-- Provided records follows --

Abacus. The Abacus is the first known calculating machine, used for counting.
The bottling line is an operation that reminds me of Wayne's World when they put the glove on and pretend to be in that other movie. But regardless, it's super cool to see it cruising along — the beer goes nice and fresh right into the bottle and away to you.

-- Provided records concluded --
-- Provided records follows --

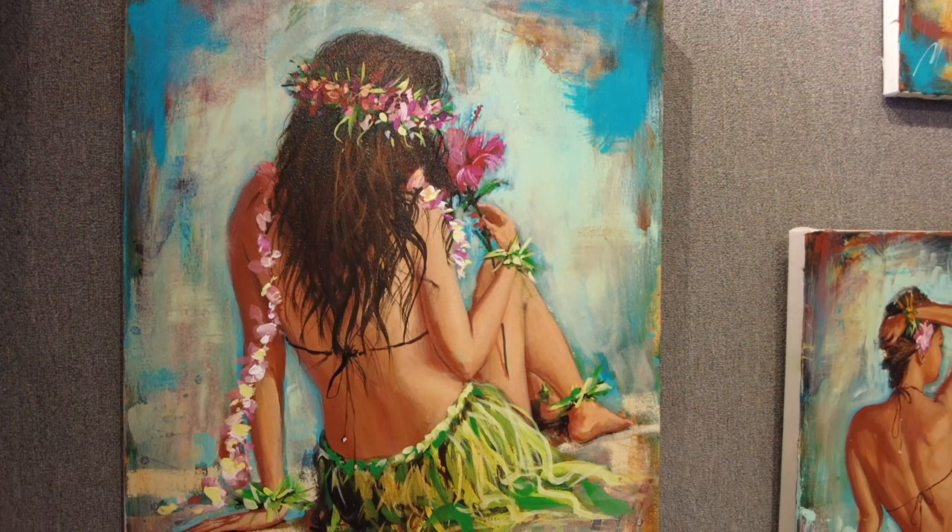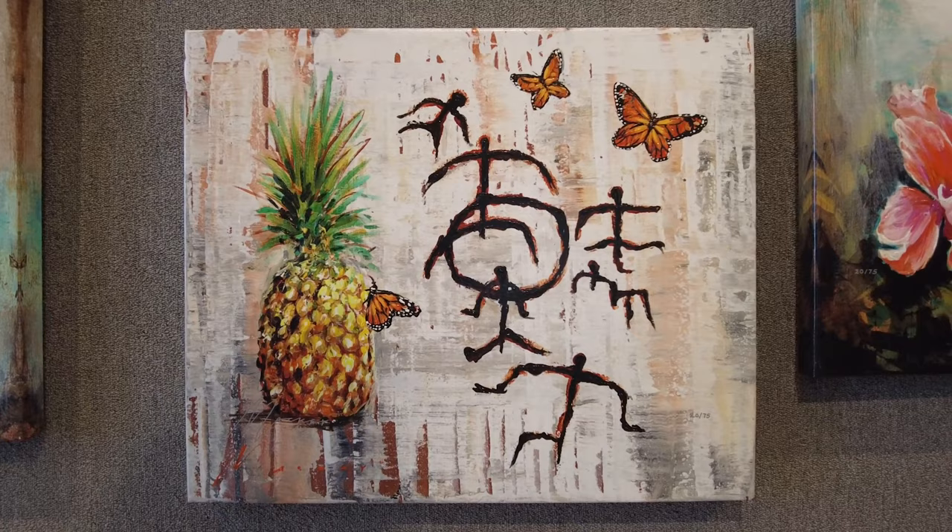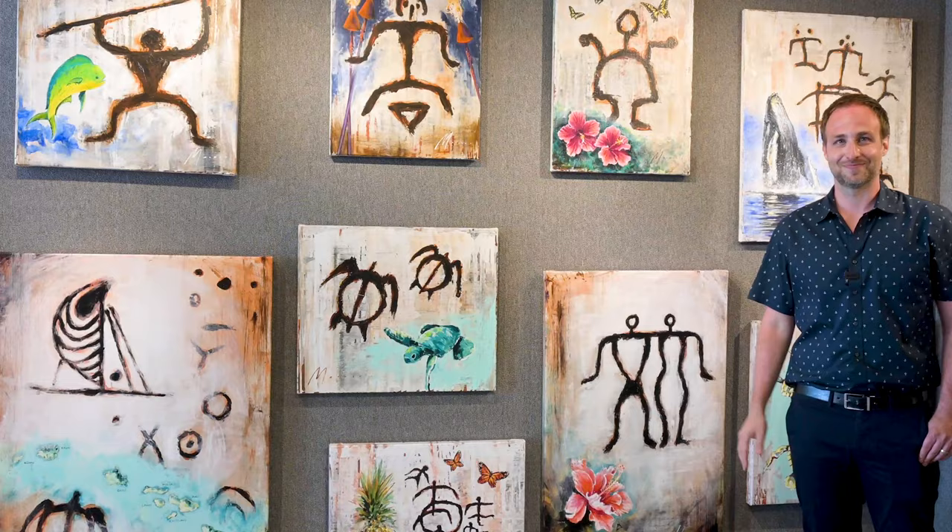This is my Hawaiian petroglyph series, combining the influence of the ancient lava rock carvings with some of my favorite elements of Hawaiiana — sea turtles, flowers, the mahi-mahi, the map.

-- Provided records concluded --

**What to produce:**
In the entries above, find the line holding "Abacus. The Abacus" and the line holding "The bottling line"; print both of them and every line between, exactly, and nothing else.

**Task output:**
Abacus. The Abacus is the first known calculating machine, used for counting.
The bottling line is an operation that reminds me of Wayne's World when they put the glove on and pretend to be in that other movie. But regardless, it's super cool to see it cruising along — the beer goes nice and fresh right into the bottle and away to you.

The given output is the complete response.